* Work to be completed *
Where the word "help" occurs in a line of the data, return the whole line.

* Data for this exercise *

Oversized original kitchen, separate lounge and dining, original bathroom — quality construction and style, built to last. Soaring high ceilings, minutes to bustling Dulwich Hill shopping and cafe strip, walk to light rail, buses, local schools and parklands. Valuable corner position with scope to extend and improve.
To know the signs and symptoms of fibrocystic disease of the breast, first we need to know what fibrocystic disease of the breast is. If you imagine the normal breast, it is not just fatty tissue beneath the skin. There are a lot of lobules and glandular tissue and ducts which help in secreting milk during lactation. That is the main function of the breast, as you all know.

--

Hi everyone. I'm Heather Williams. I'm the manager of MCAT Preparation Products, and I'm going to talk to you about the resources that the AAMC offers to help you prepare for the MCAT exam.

---

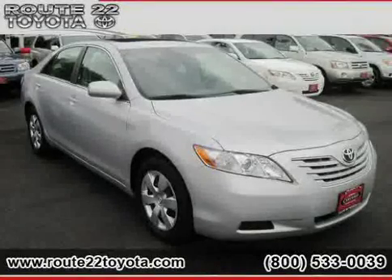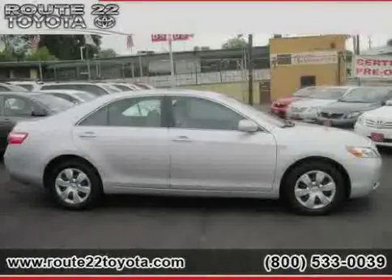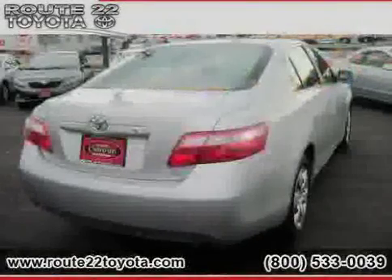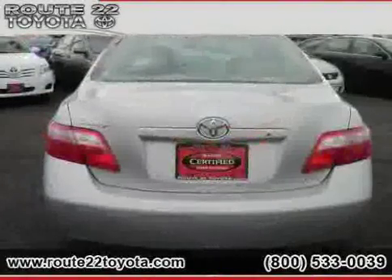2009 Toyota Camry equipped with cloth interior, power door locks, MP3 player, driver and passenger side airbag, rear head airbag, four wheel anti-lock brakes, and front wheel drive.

* Written response *
To know the signs and symptoms of fibrocystic disease of the breast, first we need to know what fibrocystic disease of the breast is. If you imagine the normal breast, it is not just fatty tissue beneath the skin. There are a lot of lobules and glandular tissue and ducts which help in secreting milk during lactation. That is the main function of the breast, as you all know.
Hi everyone. I'm Heather Williams. I'm the manager of MCAT Preparation Products, and I'm going to talk to you about the resources that the AAMC offers to help you prepare for the MCAT exam.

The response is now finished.